Real-time opinion mining of Twitter data using spring XD and Hadoop

Big data have emerged as one of the fascinating areas of research in the last few years. The demand for research shows that it will further grow in the next years to come. Big data mainly came into existence because of the rapid growth of social media. Twitter has appeared to be the one of the most popular social media over the Internet. Twitter receives tens of millions of tweets per day, creating huge data in unstructured form, a lot of research has been carried out to extract useful information from Twitter raw data. It also exhibits sentiment of the people on specific topics. However, this huge data repository is unstructured and offers itself for many research areas.
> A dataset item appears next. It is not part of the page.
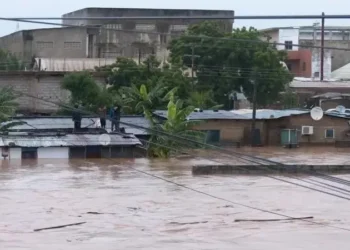 Floods Paralyse Ghana Capital, Kill 3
A number of researchers have attempted to extract useful information from this unstructured data for various applications. This paper presents a framework to visualize raw tweets in a scalable and optimal fashion. The main objective of the research work is to get sentiment of the people and visualize it for better understanding. Spring XD has been used to fetch tweets on a real time basis. These raw tweets are then transformed to Hadoop Distributed File System (HDFS). Hadoop Scripting Language (HIVE) is used to refine and label the tweets for their respective sentiments. Finally, these sentiments are classified as positive, negative and neutral using an algorithm which is simulated over HIVE. The proposedd algorithm yields better results in term of sentiment.